Based on the quality of the data, we initially focused on modelling the CO\(_{2}\) levels registered by sensor node 84A8, which is located in the corridor next to the staircase exit. During the experiment time period, the ventilation system was ON on workdays from \(0600\) hrs until \(2100\) hrs.
For training the models we used 6469 data points covering the period between March 20th, 2016 and April 21st, 2016. The models were tested in the period between April 22nd, 2016 and April 28th, 2016. The test data set in this case consists of 1941 data points. Given the size of the training data set, we used fixed-sized LS-SVM with 100 support vectors to estimate the nonlinear function \(f(\cdot)\) in all the cases. In this study, we evaluated the following NARX structures:
- NARX-TH: This model structure has the temperature and relative humidity at the node location as exogenous inputs.
- NARX-THC: In addition to temperature and humidity inputs, this model structure incorporates occupancy information of the building using calendar information. We do this by adding two additional exogenous boolean inputs [1, 0] and [0, 1] to indicate weekdays and weekends..

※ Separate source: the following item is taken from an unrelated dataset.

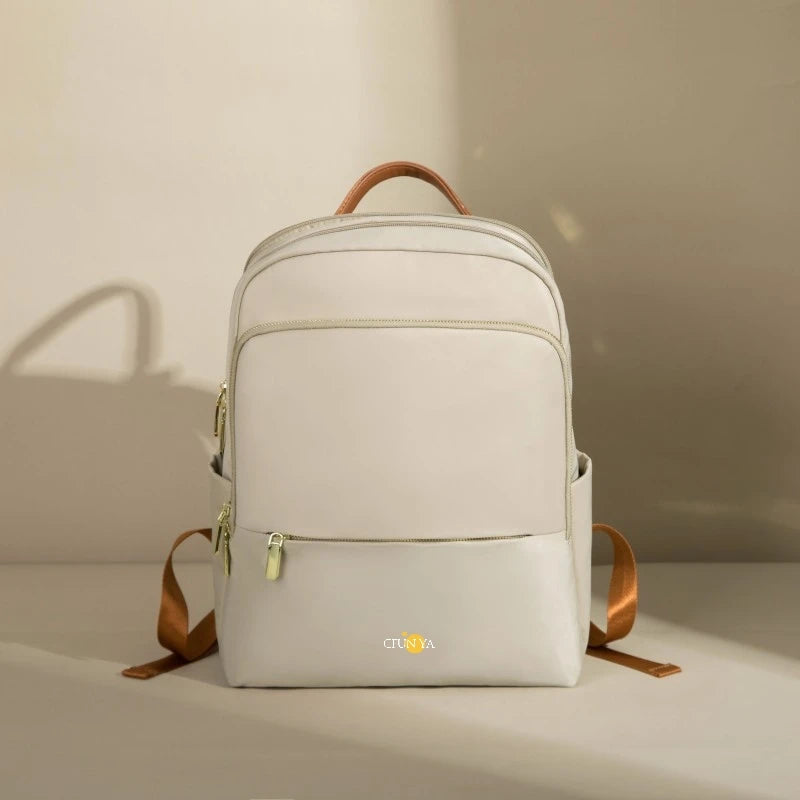 CFUN YA Spring/Summer 2023 New 14" Laptop Bag Backpack Female Oxford Large Capacity Travel Backpack Women Girls Schoolbag Causal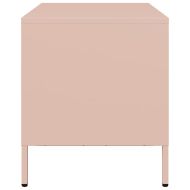 ТВ шкаф, розов, 68x39x43,5 см, студеновалцувана стомана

- NARX-THCO: Furthermore, we extend the NARX-THC model using the CO\(_{2}\) readings of the sensor node F50C, which is the closest sensor node to 84A8.
In all these NARX structures we got the best results when \(n_y = n_u = 8\). The kernel parameter of each model was found by carrying out a grid-search. Conventional autoregressive (AR) and autoregressive exogenous (ARX) models were also considered in this study. In particular, we used the so-called naive forecast model (\(y_t=y_{t-1}\)), which is the simplest model that we can construct, and an ARX model with temperature and relative humidity as exogenous inputs. This model is referred to as ARX-TH.
Using the test data set, the models were evaluated in different scenarios, i.e., when the CO\(_{2}\) sensor is down for 5 (1 sampling period), 10 (2 sampling periods), 20 (4 sampling periods), 60 (12 sampling periods) and 120 minutes (24 sampling periods). Note that when the CO\(_{2}\) sensor is unreliable for more than one sampling period, the models are used in a recursive fashion. In order to quantify the quality of the model estimates, we computed the Root Mean Square Error (RMSE) between estimates and CO\(_{2}\) measurements. RMSE values for the different models are presented in Figure 2. It is clear that NARX-TH provides much better estimates than the naive model and the ARX-TH model, especially when the sensor is down for longer periods of time. Adding calendar information leads to a marginal improvement in the CO\(_{2}\) estimates, as can be observed from the results obtained with the NARX-THC model. Finally from the performance of the NARX-THCO model, it is clear that using CO\(_{2}\) readings from a nearby sensor can provide an extra improvement of the CO\(_{2}\) estimates. Similar results were obtained for other sensor nodes, which are not presented due to space limitations.
Concluding Remarks
We presented the results of using nonlinear modelling techniques such as fixed-size LS-SVMs for indoor CO\(_{2}\) estimation. Three NARX structures were proposed, namely, NARX-TH, NARX-THC, and NARX-THCO. These model structures were evaluated using data from sensor node 84A8 under different estimation scenarios. The NARX-THCO model provided the best CO\(_{2}\) estimates, especially for the cases when the CO\(_{2}\) sensor is down for longer periods of time. This model exploits the correlations between temperature, relative humidity and CO\(_{2}\), as well as the correlations between the CO\(_{2}\) readings of nearby sensors. In the near future, the sensor network will be extended to more or less 50 sensor nodes. In this case a Nonlinear Multiple-Input Multiple-Output model will be considered to properly capture the correlations between the sensors nodes.